She explains why, “The light is still on and those of us who are still here, are still looking for great music. Regardless of if I get to tour it or not, I feel it is my duty to put (The Barfly Sessions) out.

Putting a record out like this has been such a labor of love, with so much time and effort by a multitude of people, not just myself. To make a record like this and without having put music out for a while and then boom you go okay I am going to jump. I am going to put this thing out and then this happens.

I had to search my heart and ask am I prepared for what may or may not happen when you put a record out and you cannot tour around it? That is a whole new world for all of us when we are putting music out. It is like stepping off a cliff and you don’t know if you are going to fly or not. I pray that is the case. I hope that is the case. I hope it catches on and if it is a slow burn that is fantastic. If it catches on fire that is great too. The world of uncertainty that we live in right now is very difficult. We are calling it the year that never happened.”

We pointed out to Heidi Newfield there have been many Country music artists who embarked on their careers without ever having set foot on a ranch or a farm, but how her story really reflects the music she writes and the stories she tells.

“It is true. Country Music from its first incarnation with Jimmie Rodgers and the Hank Sr. stuff, from day one it has always been about real-life stories from the narrator to the listener. That has been what has always drawn me in. No matter if you are from Manhattan and you are a city person who wears a suit and tie to work and you never ever wore a pair of rubber boots or gotten on a horse, I don’t think it is difficult for good and well-written Country Music to resonate with you. It is the narrator telling you about what it is like for them to be so lonesome they could cry or to be cheated on or to be in a celebratory mood. It is them making you want to dance, making you want to move, making you want to make love or whatever the situation may be.  It is all about evoking those emotions from the listener and doing that in a way that is poetic and hits you between the eyes. If you are doing your job and you are singing a Country song then you are able to reach in and grab the heart of someone who has never stepped foot on a farm or a ranch, thrown their leg over a horse and you are able to pull them into that.
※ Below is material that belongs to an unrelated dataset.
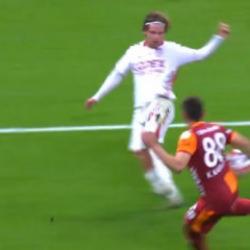 Türkiye'yi ayağa kaldıran pozisyon! 90+7'de hakem skandalı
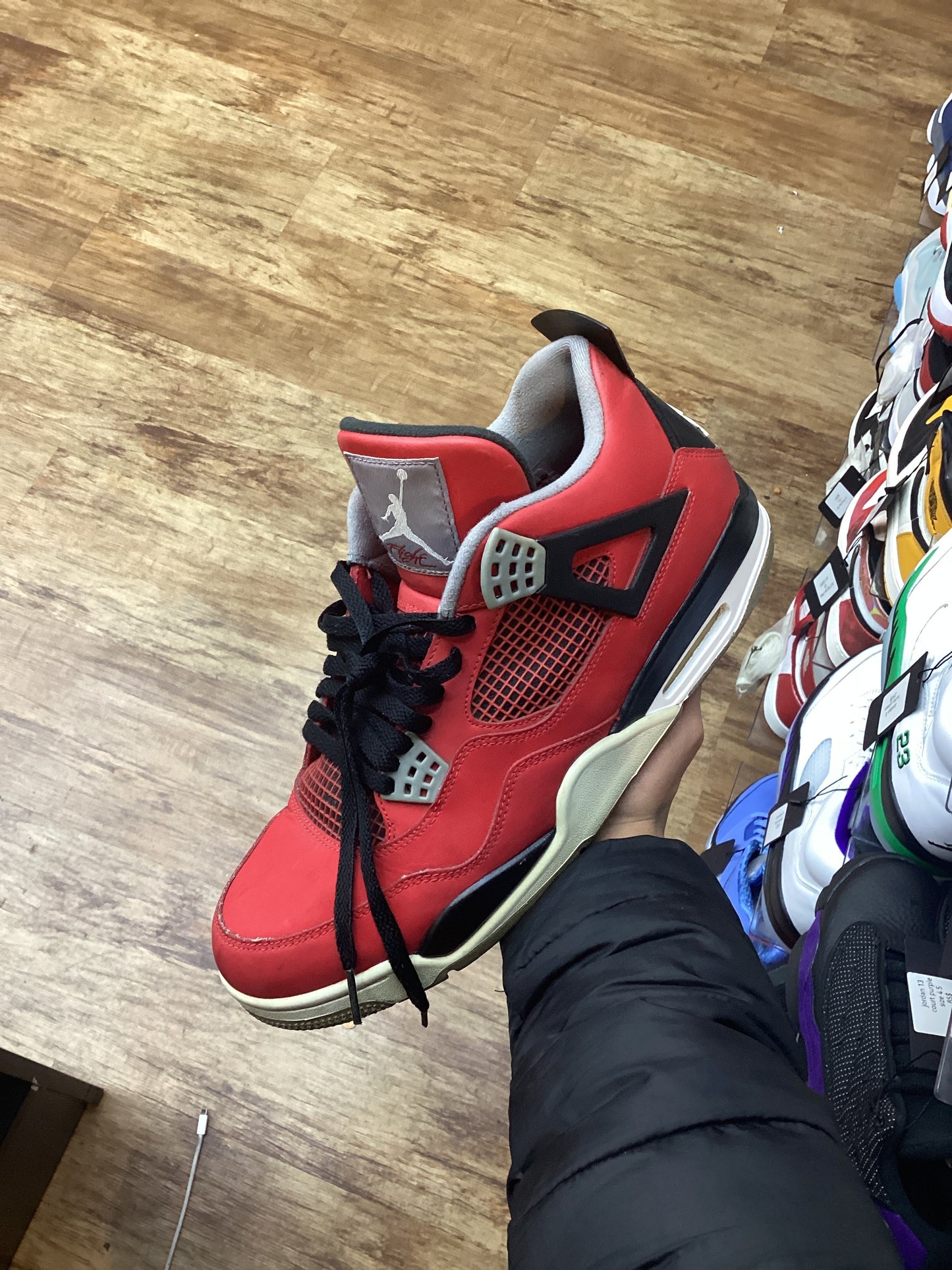 Jordan 4 toro bravo (used)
Heidi Newfield Photo TwoIn my case I came up on a ranch in Northern California and there were a lot of ranchers and farmers where I was born and raised. The other side of my family was from the Bakersfield area and they too were farmers. I spent my early life in 4H, rodeos and horse shows. I was very much around a Country lifestyle.

My mom would bang on the door if I were listening to Blues or Rock and she would go what is going on with you? That’s not Country. I was just a kid. That is how traditional they were, and it used to absolutely piss me off back then. Now I just chuckle at that.

When you grow up that way what you hear coming out of people’s cars and trucks is George Strait, Patsy Cline, Willie Nelson, and Guy Clark. It could be anybody, but it is usually that lifestyle.

My mom loved Country Music so much and was an amazing singer herself. She had a couple of issues and she did not have a lot of nerve, so it would take her about three songs to settle in. She had a couple of amazing opportunities as a singer to sing background vocals for some big stars, Ernest Tubb being one of them. Because she would get so nervous, she chose a different lifestyle and wanted to raise kids and not be on the road. That really was not for her. I didn’t inherit any of that (she laughs referring to the lack of nervousness). I get little butterflies, but I think that is just because you care. It is when you stop getting the butterflies that you should worry.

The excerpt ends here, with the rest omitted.